Saturday, 27 de July de 2024 ISSN 1519-7670 - Ano 24 - nº 1298

O homem que sabia de menos

Nem o gélido José Dirceu – de quem os gringos diriam que neve não derreteria na sua boca e que só perdeu o eixo quando ouviu que já tinha nascido arrogante –, nem o seu operístico acusador Roberto Jefferson, todo cheio de caras, bocas e pausas retóricas, foram ao fundo da questão.

Quem o fez foi o pefelista baiano José Carlos Aleluia, um dos três mais competentes arguidores da jornada. Os outros foram o seu conterrâneo e correligionário Jairo Carneiro, relator do processo contra Jefferson no Conselho de Ética da Câmara, e o tucano paranaense Gustavo Fruet, sub-relator da CPI dos Correios.

Aleluia mostrou por que Dirceu ficou na situação de que se correr o bicho pega, se ficar o bicho come.

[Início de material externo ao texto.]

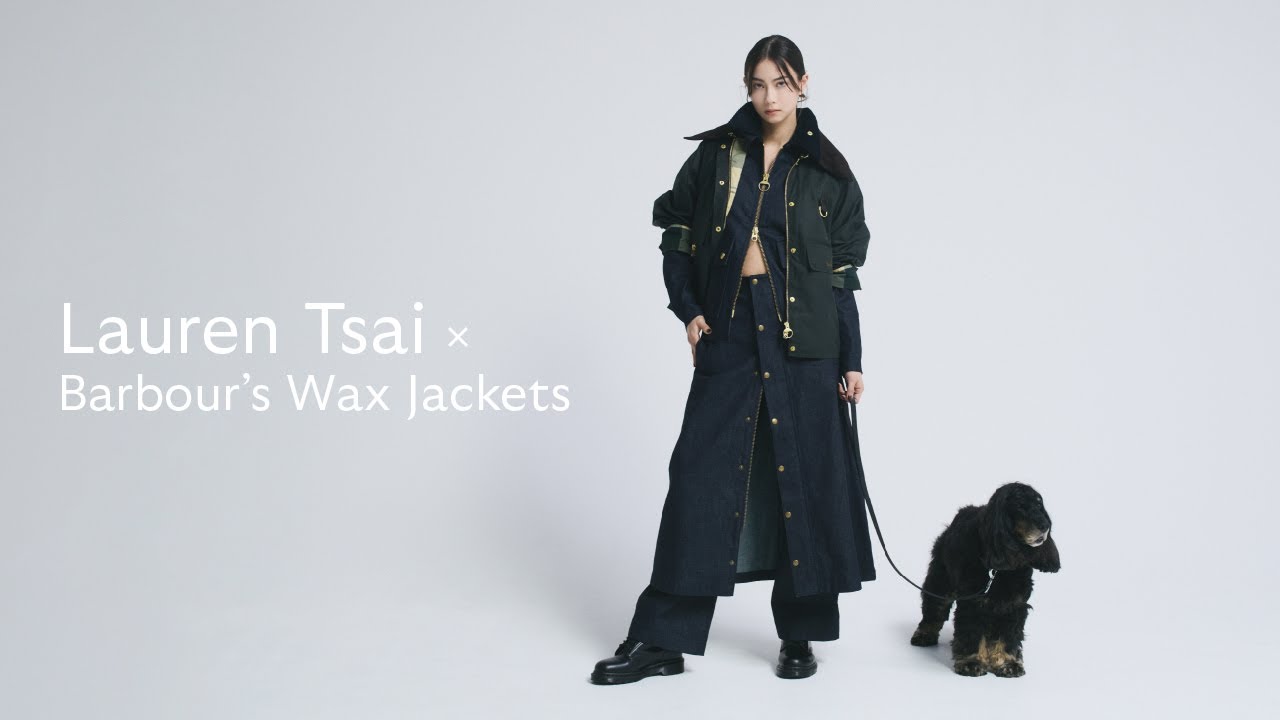 マルチクリエイターのローレン・サイが纏う、バブアーのワックスジャケット ｜ Lauren Tsai &times; Barbour's Wax Jacket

No papel do homem que sabia de menos, Dirceu não convenceu nem a velhinha de Taubaté. Com todo o respeito, nem a senhora sua mãe, lá em Santa Rita do Passa Quatro, há de ter acreditado que o filho todo-poderoso e todo-controlador e os Delúbios que ele plantou na Executiva do PT viviam em galáxias diferentes.

A alternativa, naturalmente, seria ele dizer: sim, eu sabia. Para não dizer, sim, eu mandei. Mas – e aí é que entra o brilhante raciocínio de Aleluia – se ele admitisse até a mais branda versão possível do seu envolvimento no caixão 2 em que a cúpula do PT sepultou a honra perdida, em nome de um projeto de poder, só faltaria dizer, com todas as letras, que o presidente Lula também sabia. No mínimo.

Porque, mesmo se ele matasse no peito, como diria Jefferson, a integral responsabilidade pela compra por atacado de políticos, a idéia de que ele aprisionou o presidente no buraco negro da absoluta ignorância do que faziam ele e os seus companheiros seria ainda menos crível do que os rechaços e repilos do seu depoimento.

Não que, em tese – e põe em tese aí – isso não pudesse ter acontecido. Mas nesse caso Dirceu não seria o Dirceu da “obediência canina” ao chefe, o Dirceu que nada fazia à sua revelia e o Dirceu que só fazia o que ele mandava.

Portanto, para não colocar o presidente na frigideira, ele só podia passar por bobo, sabendo que ninguém seria bobo de acreditar na bobagem.

A conexão portuguesa

Mas não tem escapatória: quando ele for cassado e recorrer ao Supremo, como anunciou – sob o previsível argumento de que não só não ofendeu o decoro parlamentar, porque é inocente, mas nem podia, porque estava no governo e não na Câmara – decerto será alvo de um processo por crime de responsabilidade.

Ou, a crer na miragem a que o homem-forte do governo e do PT recorreu para se declarar “inocêncio” no Conselho, por crime de irresponsabilidade.

E como fica o desavisado Lula, que disse que o seu destino está nas mãos da mídia, mais ou menos na mesma hora em que o seu canino ex-auxiliar tratava de livrar-lhe a cara?

Depois que Jefferson jogou na mesa a conexão portuguesa com certeza das tratativas heterodoxas com a Telecom de lá, o ex-ministro ficou ainda mais enrolado nos fios da trama petebo-petista-valeriana (como diria o Estadão dos velhos tempos).

Banco – sem jogo de palavras – o que escrevi ontem aqui:

O impeachment do presidente pode ser inviável por uma série de razões. A sua alegada inocência não há de ser uma delas.